• [Exercise directions]
Give again, word for word, only the lines of the material below from its first line through the one that holds "Australia NDVI Departure"; pictures stay out.
[Opening Supplied data section]
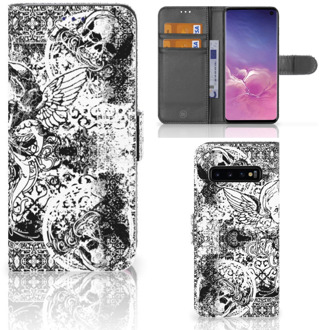 B2Ctelecom Samsung Galaxy S10 Hoesje Bookcase Skulls Angel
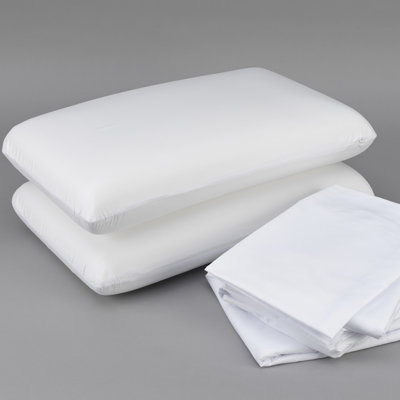 Cooled Bedding Twin Xl - Memory Foam Pillow, White Microfiber Sheets, Mattress Protector For A Comfy And Peaceful Sleep With Cool Technology Smooth Sheet , Deep Restful Night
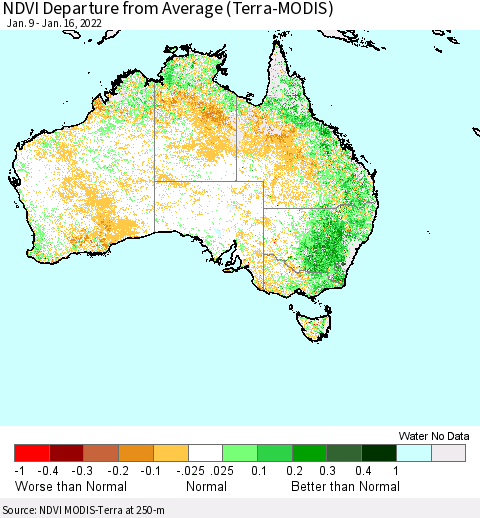 Australia NDVI Departure from Average (Terra-MODIS) Thematic Map For 1/9/2022 - 1/16/2022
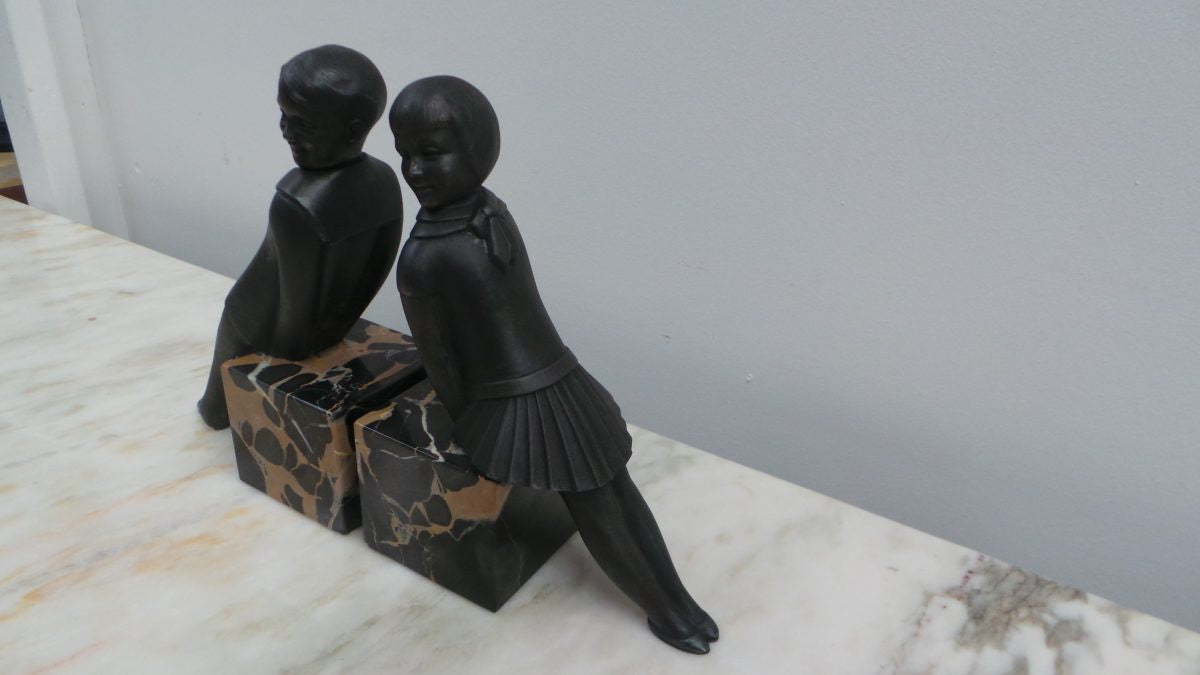 A Pair Of French Art Deco Bronze Metal Signed "MILO" Bookends | Antique & Vintage | Moonee Ponds Antiques | Australia Wide Delivery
[Closing Supplied data section]
• [Answer for this exercise]
 B2Ctelecom Samsung Galaxy S10 Hoesje Bookcase Skulls Angel
 Cooled Bedding Twin Xl - Memory Foam Pillow, White Microfiber Sheets, Mattress Protector For A Comfy And Peaceful Sleep With Cool Technology Smooth Sheet , Deep Restful Night
 Australia NDVI Departure from Average (Terra-MODIS) Thematic Map For 1/9/2022 - 1/16/2022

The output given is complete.